PROMPT: The copy must match the data word for word and contain no pictures.

Recorded data
★ ★ ★ ★
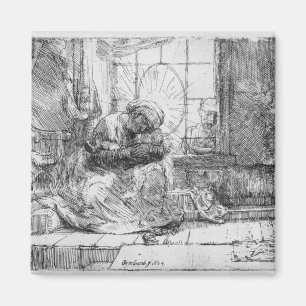 The Holy Family with a cat, 1654 Magnet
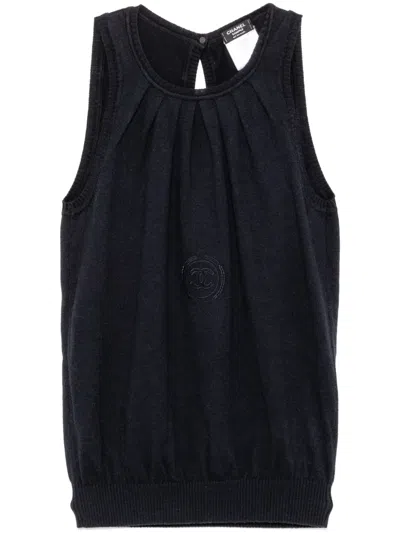 Pre-owned Chanel 2012 Sleeveless Top In Blue
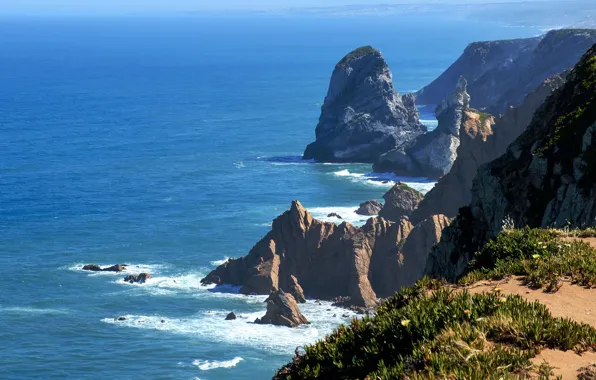 Sea, rocks, coast, Portugal, Adraga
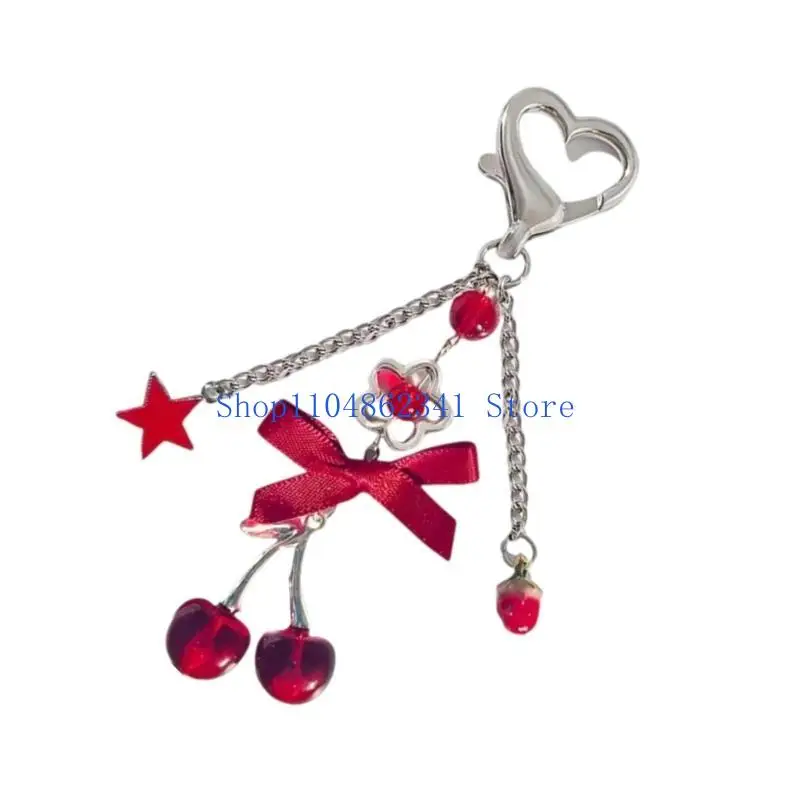 

5asd Charm Cherry Pendant Keychain Holder With Fashionable Bowknot Designs For Women Various Personalizing Accessories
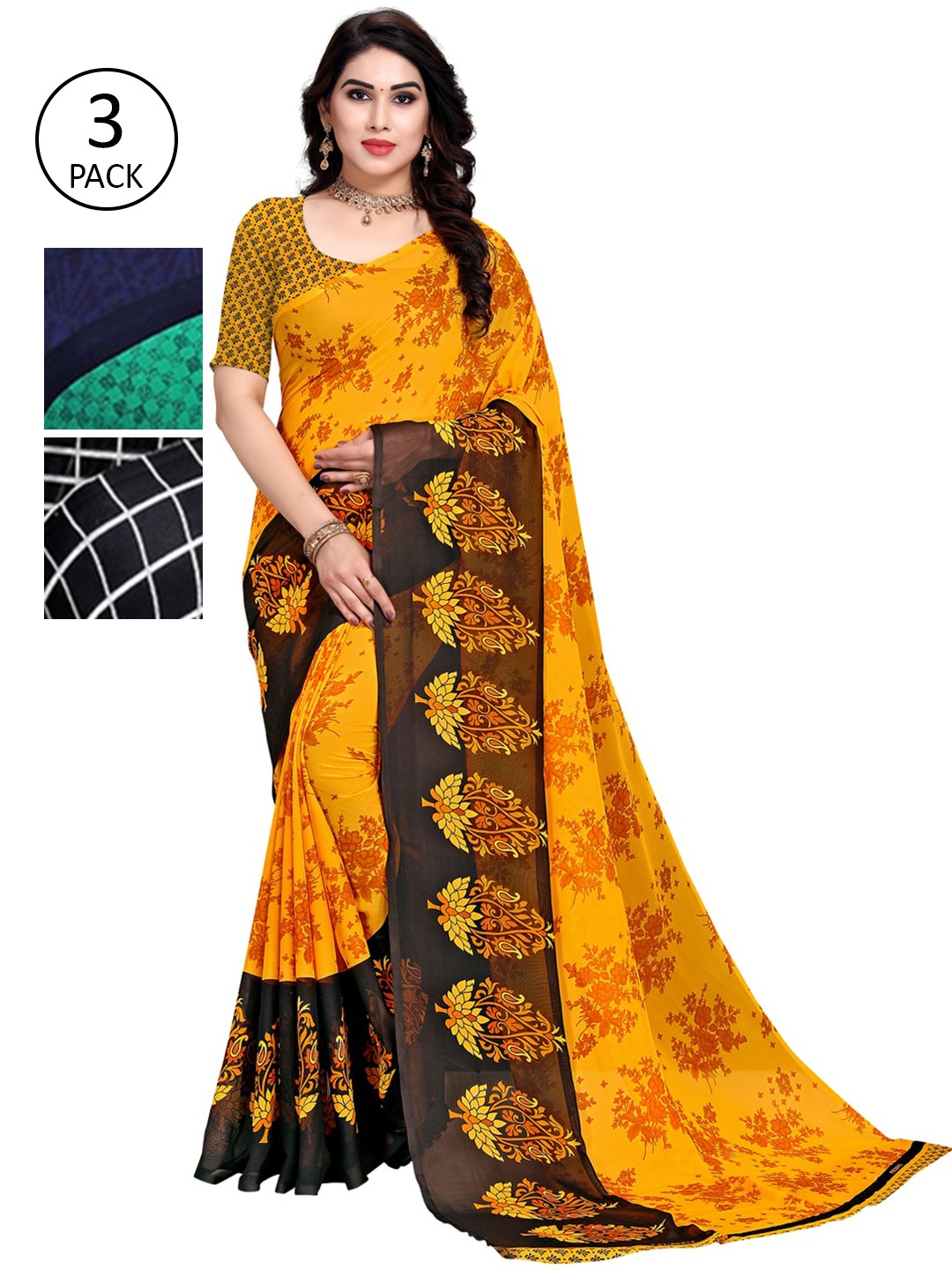 

KALINI Pack Of 3 Printed Saree, Green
★ ★ ★ ★
FINISHED TASK:
 The Holy Family with a cat, 1654 Magnet
 Pre-owned Chanel 2012 Sleeveless Top In Blue
 Sea, rocks, coast, Portugal, Adraga

5asd Charm Cherry Pendant Keychain Holder With Fashionable Bowknot Designs For Women Various Personalizing Accessories

KALINI Pack Of 3 Printed Saree, Green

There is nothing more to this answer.